The most significant items contributing to the difference between the statutory U.S. federal corporate tax rate of 21.0% and the Company's effective tax rate for the six months ended April 1, 2022 were a net tax benefit of $12.6 million from the change in valuation allowances for previously valued foreign tax credits and India’s minimum alternate tax credit and a tax benefit of $4.9 million related to filing amended state returns, partly offset by U.S. state income tax expense of $8.9 million and U.S. tax on foreign earnings of $4.0 million.

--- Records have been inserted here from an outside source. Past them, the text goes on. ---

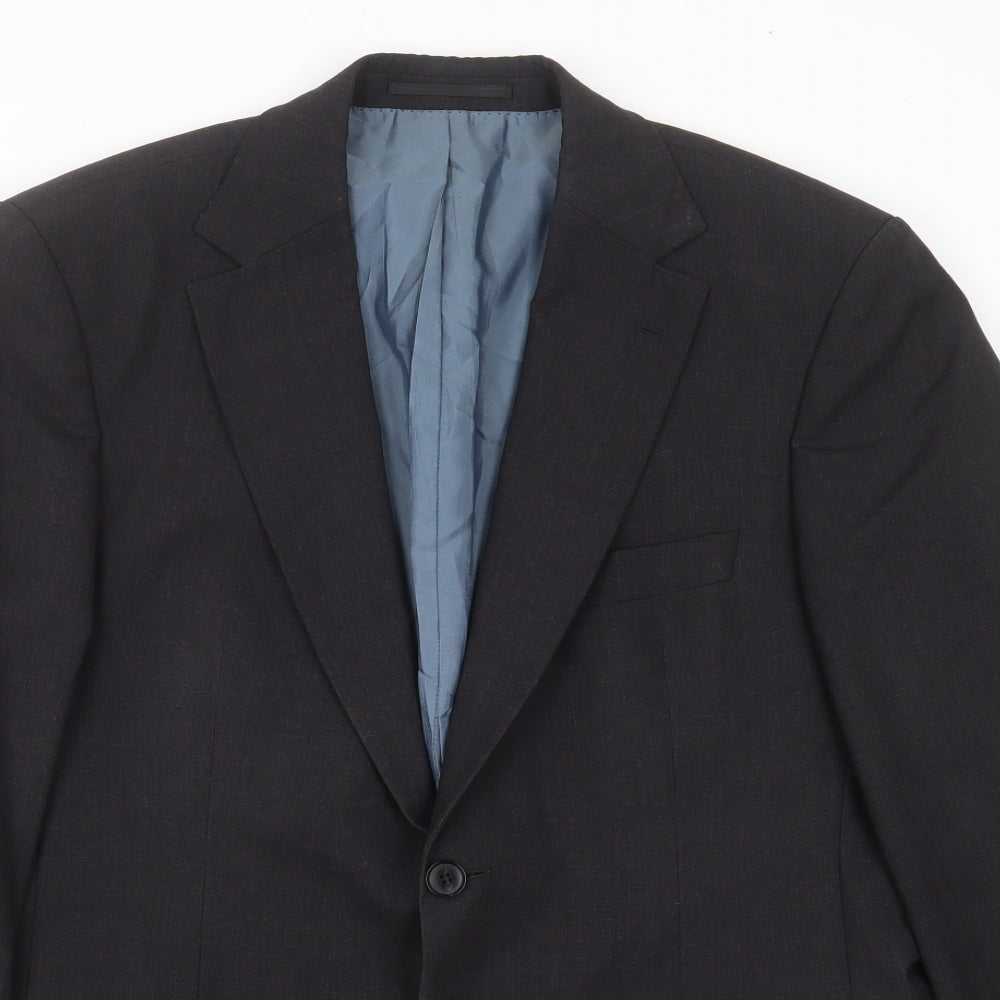 Boss Mens Grey  Wool Jacket Suit Jacket Size 42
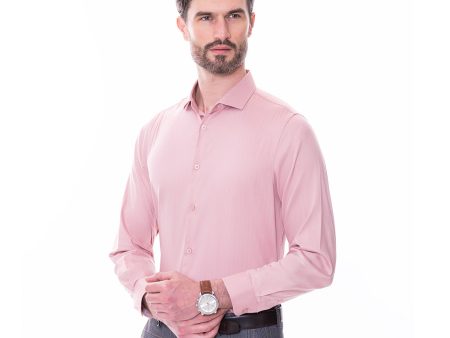 Camisa Fibra de Bambú Rosa Vermonti Online Hot Sale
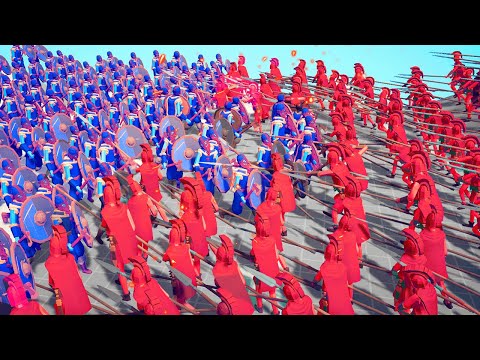 100x VIKING ARMY 🪓 vs ⚔️ ANCIENT SPARTA ARMY / Totally Accurate Battle Simulator ( TABS )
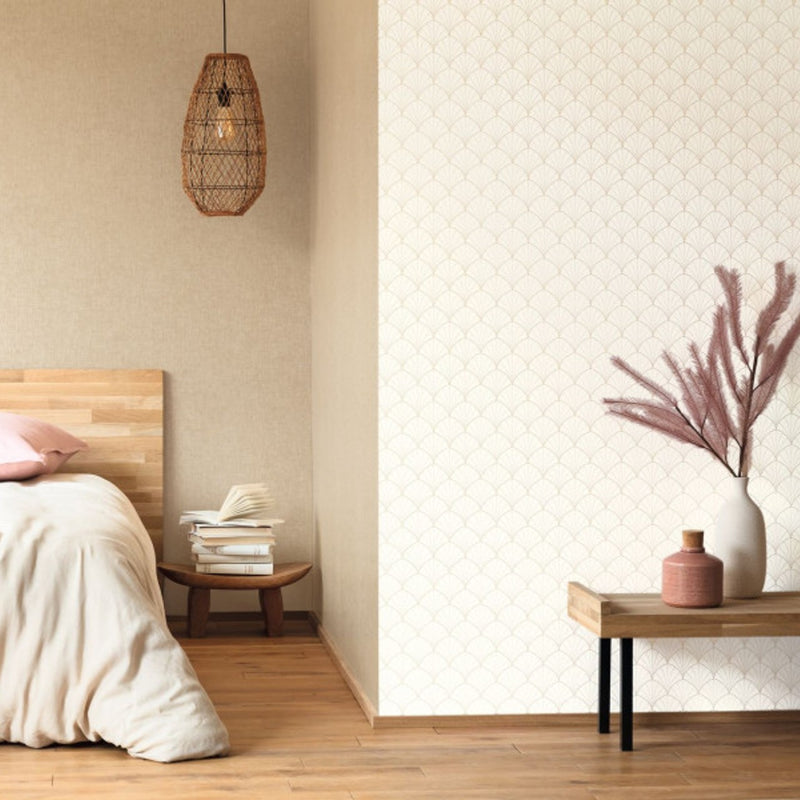 100601520 Hygge Uni L'Epopee Wallpaper by Caselio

The amount of income taxes the Company pays is subject to ongoing audits by tax jurisdictions around the world. In the normal course of business, the Company is subject to examination by tax authorities throughout the world, including such major jurisdictions as Australia, Canada, India, the Netherlands, the United Kingdom and the United States. Our estimate of the potential outcome of any uncertain tax issue is subject to our assessment of the relevant risks, facts, and circumstances existing at the time. The Company believes that it has adequately provided for reasonably foreseeable outcomes related to these matters. However, future results may include favorable or unfavorable adjustments to our estimated tax liabilities in the period the assessments are made or resolved, which may impact our effective tax rate.
Segment Financial Information
The following table provides selected financial information for our operating segments and includes a reconciliation of segment operating profit to total U.S. GAAP operating profit from continuing operations by including certain corporate-level expenses, Restructuring and other charges and transaction and integration costs (in thousands).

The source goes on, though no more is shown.